=== What the task requires ===
When you write out the listing below, keep each word exactly as it stands and drop the pictures.

=== Data section ===
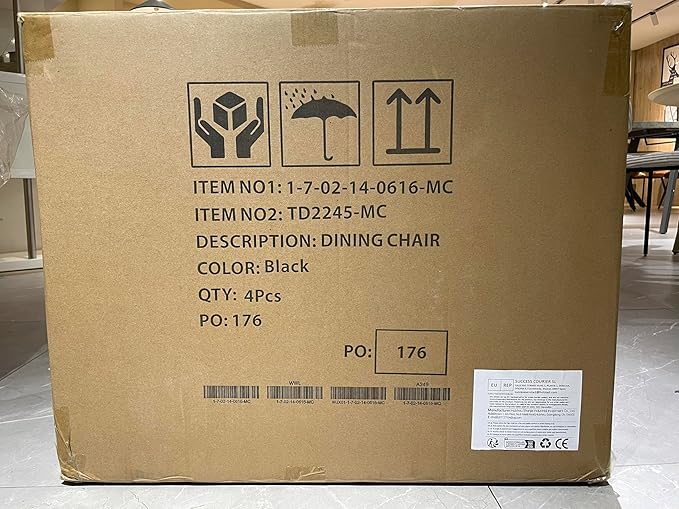 Dining Chairs Set of 2, Modern Kitchen & Dining Room Chairs, Upholstered Faux Leather Cushion Seat and Sturdy Metal Legs (2 Grey Chairs)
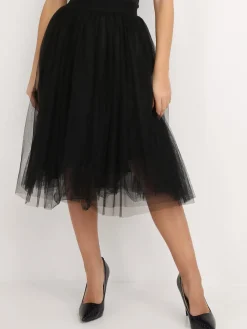 Discount La Modeuse Jupe midi en tulle Noir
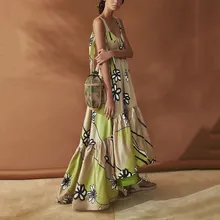 Spring Summer Women Print Dress Loose Irregular Beach Maxi Dress V Neck Sleeveless Bohemia Dress black leaf print v neck maxi dress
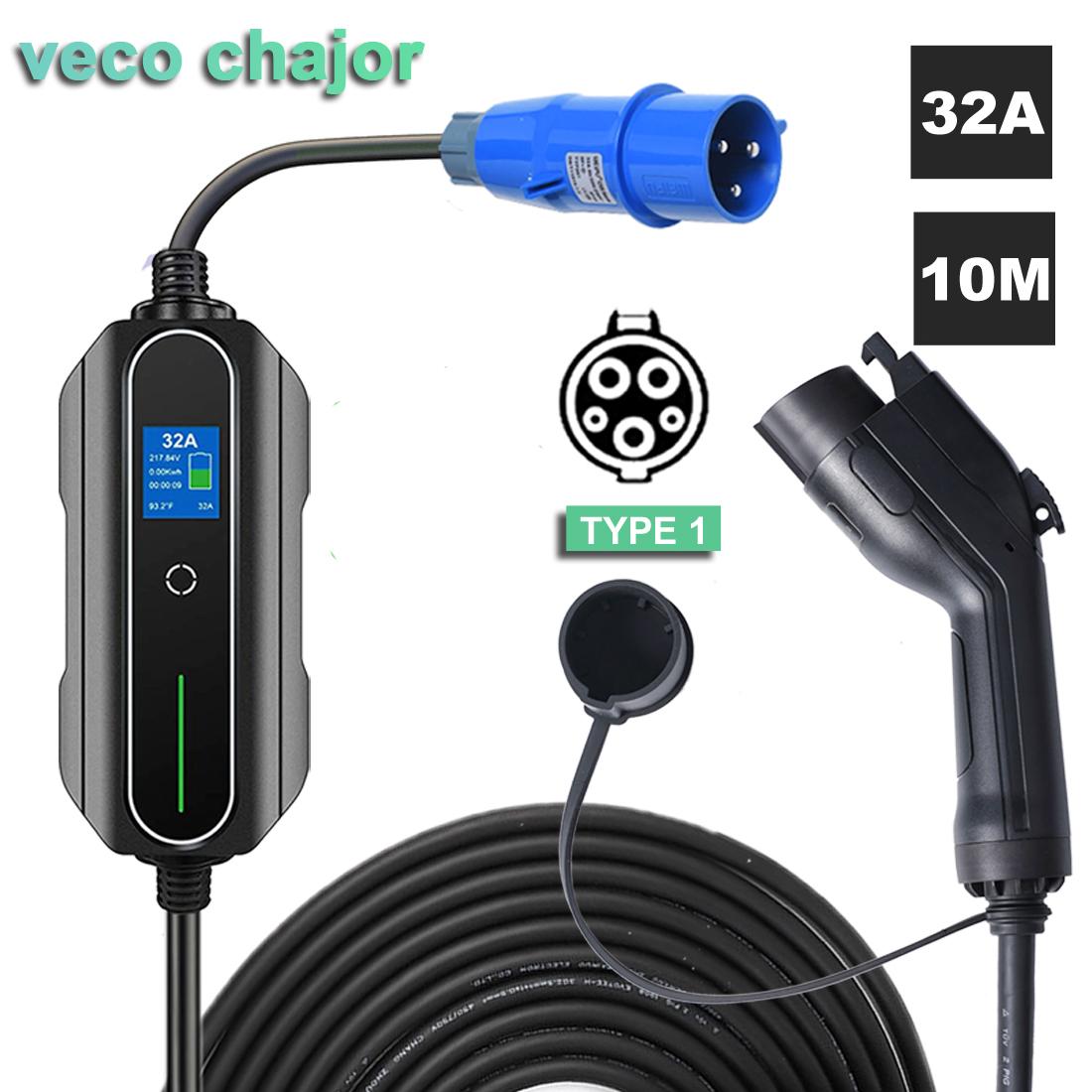 Bộ sạc EV di động 10 mét Type 1 J1772 Type 2 32A Single Phase 7.2kW Cấp 2 10M Xe điện CEE CEE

=== Task solution ===
 Dining Chairs Set of 2, Modern Kitchen & Dining Room Chairs, Upholstered Faux Leather Cushion Seat and Sturdy Metal Legs (2 Grey Chairs)
 Discount La Modeuse Jupe midi en tulle Noir
 Spring Summer Women Print Dress Loose Irregular Beach Maxi Dress V Neck Sleeveless Bohemia Dress black leaf print v neck maxi dress
 Bộ sạc EV di động 10 mét Type 1 J1772 Type 2 32A Single Phase 7.2kW Cấp 2 10M Xe điện CEE CEE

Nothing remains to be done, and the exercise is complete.